Only the lines below from the one that holds "IEEILULU Isomatte 2" through the one that holds "Holiday Maxi Dress" should appear in the answer, copied exactly, end lines included and pictures omitted.

Records:

Start of Block

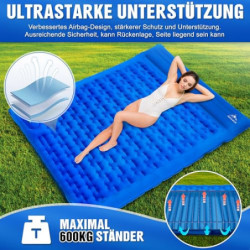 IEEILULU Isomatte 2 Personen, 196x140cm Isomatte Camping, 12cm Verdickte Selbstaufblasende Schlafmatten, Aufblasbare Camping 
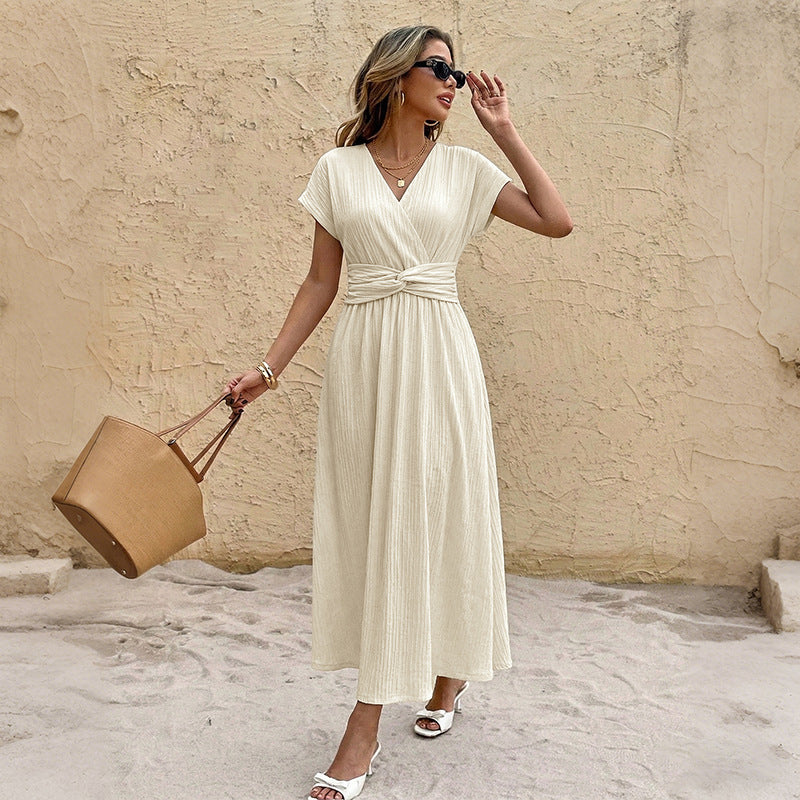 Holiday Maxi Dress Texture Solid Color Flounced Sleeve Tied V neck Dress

End of Block
Start of Block

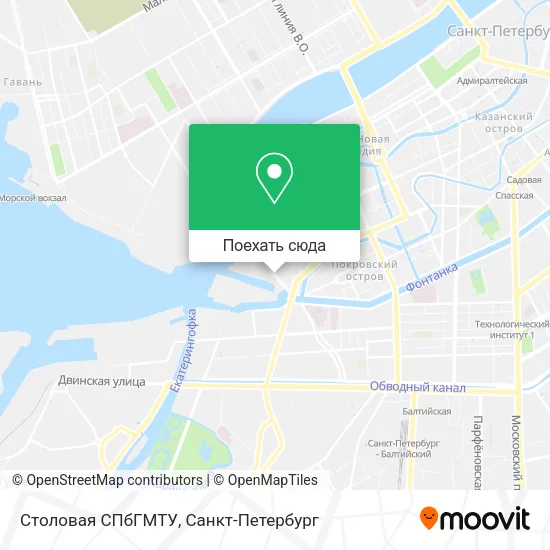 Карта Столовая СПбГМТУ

End of Block
Start of Block

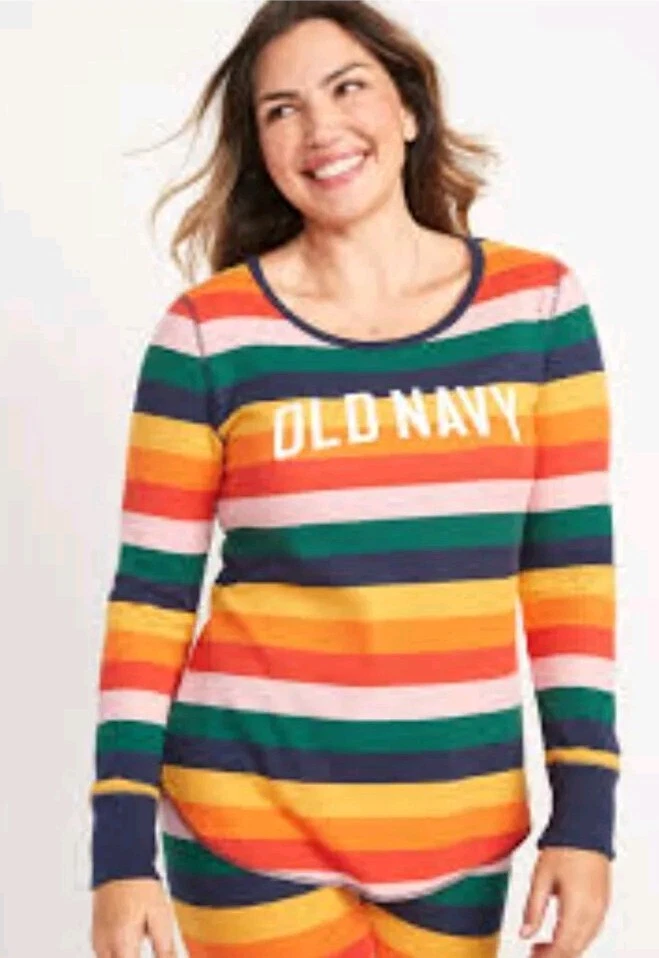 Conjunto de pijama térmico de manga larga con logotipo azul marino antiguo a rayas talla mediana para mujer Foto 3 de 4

End of Block

Response for this exercise:
 IEEILULU Isomatte 2 Personen, 196x140cm Isomatte Camping, 12cm Verdickte Selbstaufblasende Schlafmatten, Aufblasbare Camping 
 Holiday Maxi Dress Texture Solid Color Flounced Sleeve Tied V neck Dress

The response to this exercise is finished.